Why I don’t believe in bat shapes

Why I don’t believe in bat shapes

Bat shapes are largely marketing.

You’ll often see a professional player using a “Kahuna”, a “Fusion”, or a similarly named cricket bat shape. What most people don’t realise is that many professionals - especially at international level - are not using an off-the-shelf bat at all. They’re using bespoke cricket bats made specifically for them.

High middles, low middles, oval handles, round handles - everything is tailored to the player. Yet they’re endorsing a brand sticker that usually relates to a generic bat shape or profile you’d find in a retail cricket shop. If you compare the same bat model across one store with good stock, or across different stores, towns, countries, or continents, the differences quickly become clear. There will be similarities, of course, but there can also be significant variation. Not just in spine height or edge profile, but in overall thickness and the bat’s actual girth. That size and feel is hugely important to cricketers at all levels in the modern game.

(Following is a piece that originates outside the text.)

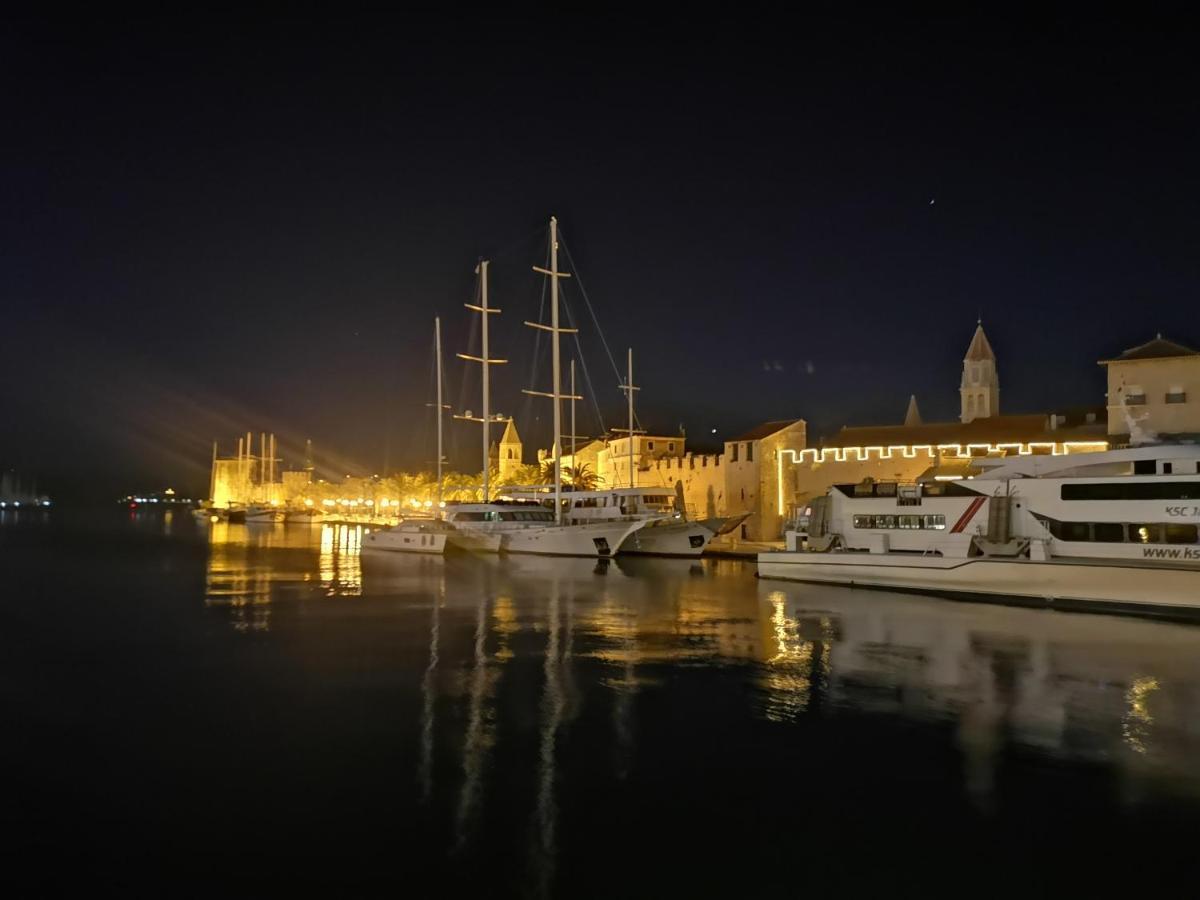 Apartment Okrug Gornji - Trogir With Sea View Luaran gambar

With big brands, what you’re really buying is a mass-produced cricket bat shape. That’s why you’re encouraged to pick it up in person. If you order one of these bats online, it’s largely luck of the draw what actually turns up. That’s the reality of overseas mass production.

Our stock bats, however, are all individually crafted and individually listed. What you see is exactly what you get. The photos on the website are of the exact bat that will arrive at your door. I also include a video with complete honesty about that specific bat - the shape, the pickup, the feel, and most importantly, the ping.

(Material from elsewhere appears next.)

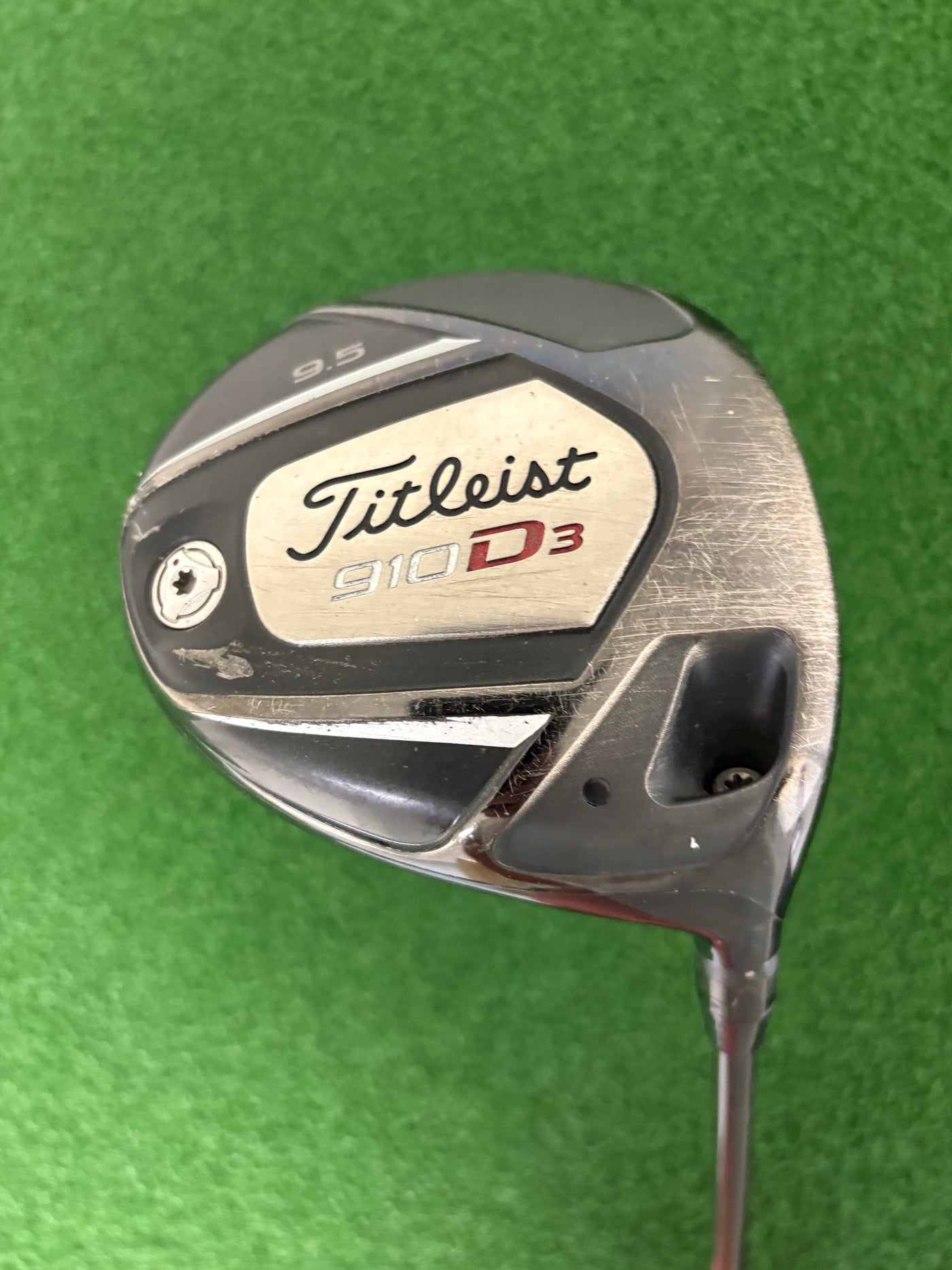 Titleist 910D3 9.5* (Stiff)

That approach won’t suit everyone, and I accept that. Traditionally, most cricketers have wanted to physically pick up a bat before buying. But with the rise of e-commerce over the last decade, we’ve seen just how effective this approach can be.

It allows players to buy a cricket bat online with confidence, even if they can’t make it into the workshop. It’s also massively improved our global reach, with bats now sold to more or less every cricket-playing nation in the world.

For me, that matters far more than a name printed on a sticker.